Michael Wallace Banach asumirá como nuevo nuncio apostólico en Argentina
El Vaticano confirmó el recambio en la representación diplomática ante el país. Banach llega desde Hungría y toma el lugar de Mirosław Adamczyk, ahora destinado a Albania.
El Papa León XIV eligió al arzobispo estadounidense Michael Wallace Banach como nuevo nuncio apostólico en Argentina. El nombramiento fue confirmado por el Vaticano y marca el reemplazo de Mirosław Adamczyk, que fue enviado a cumplir la misma misión diplomática en Albania. La novedad se conoció al mismo tiempo en Roma y en Buenos Aires, en un momento en el que crecen las versiones sobre una posible visita papal al país este año.
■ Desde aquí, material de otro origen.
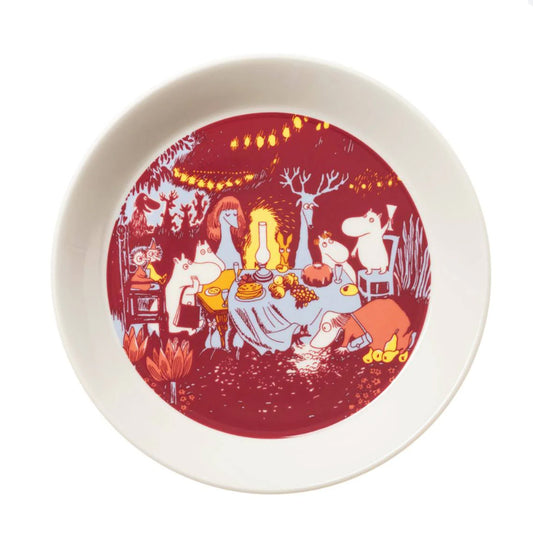 Moomin Plate - Festive Moments
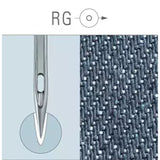 10 Pieces GROZ-BECKERT UY 113 GS 2055 Sewing Machine Needles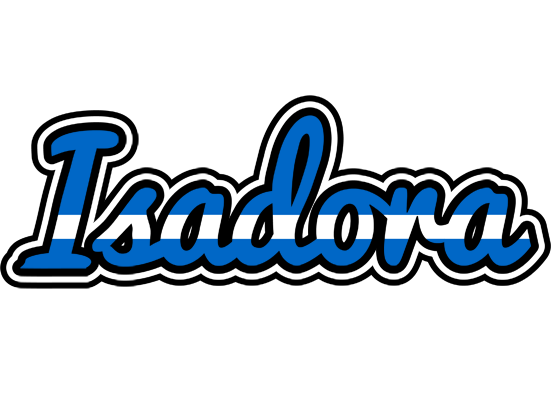 Isadora greece logo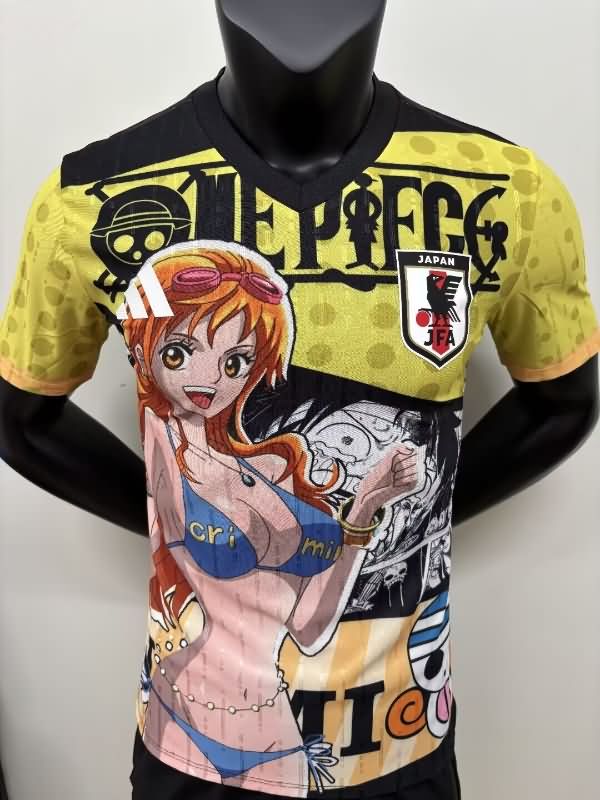 Thailand Quality(AAA) 2025 Japan Special Soccer Jersey (Player) 39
Según informó la Conferencia Episcopal Argentina, la Nunciatura Apostólica en la República Argentina comunicó que León XIV nombró a Monseñor Michael Wallace Banach, Arzobispo Titular de Memfi, como nuevo representante en el país. Su llegada no es un dato menor: el nuncio cumple un rol central en la relación entre la Santa Sede y las autoridades nacionales, además de participar en la designación de obispos. Banach venía de desempeñarse como nuncio en Hungría, durante el gobierno del derechista ex primer ministro Viktor Orbán.
Nacido el 19 de noviembre de 1962 en Worcester, Massachusetts, Banach fue ordenado sacerdote en 1988 para la diócesis de Worcester y después siguió su formación en Roma, donde obtuvo un doctorado en Derecho Canónico. Habla cinco idiomas: inglés, italiano, francés, español y polaco, y entró al cuerpo diplomático de la Santa Sede en 1994. Desde entonces, hizo una carrera internacional extensa, con pasos por las nunciaturas de Bolivia y Nigeria, además de funciones en la Secretaría de Estado del Vaticano, uno de los espacios más influyentes de la estructura vaticana.
Durante el pontificado de Francisco, en 2013, fue nombrado nuncio apostólico y recibió la consagración episcopal en una ceremonia en la Basílica de San Pedro. También representó al Vaticano en Papúa Nueva Guinea y las Islas Salomón, donde debió seguir temas sensibles como la pobreza, los conflictos sociales y el diálogo interreligioso. Más adelante fue trasladado a Senegal, Cabo Verde, Guinea-Bisáu y Mauritania, regiones marcadas por tensiones políticas y fuertes desafíos humanitarios.